START Provided data

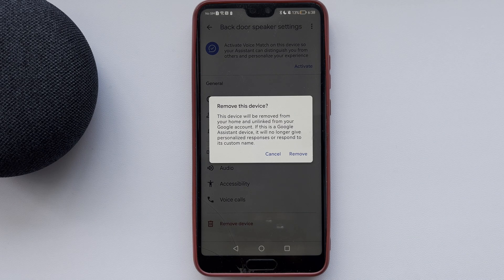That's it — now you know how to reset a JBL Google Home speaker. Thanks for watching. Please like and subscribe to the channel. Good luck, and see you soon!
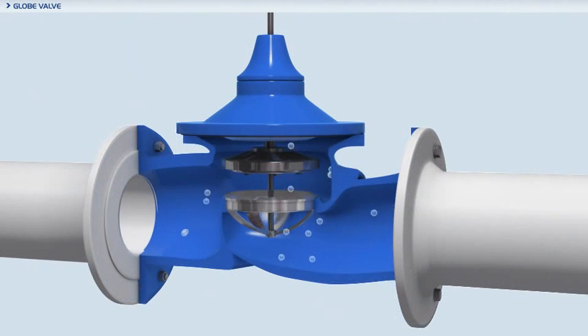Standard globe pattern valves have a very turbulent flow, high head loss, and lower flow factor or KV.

END Provided data
START Provided data

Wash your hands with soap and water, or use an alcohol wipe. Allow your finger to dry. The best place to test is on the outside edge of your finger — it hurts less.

END Provided data

Task objective: From the line holding "That's it —" to the line holding "Standard globe pattern", both included, retype the entries above exactly and drop the pictures.

Expected answer:
That's it — now you know how to reset a JBL Google Home speaker. Thanks for watching. Please like and subscribe to the channel. Good luck, and see you soon!
Standard globe pattern valves have a very turbulent flow, high head loss, and lower flow factor or KV.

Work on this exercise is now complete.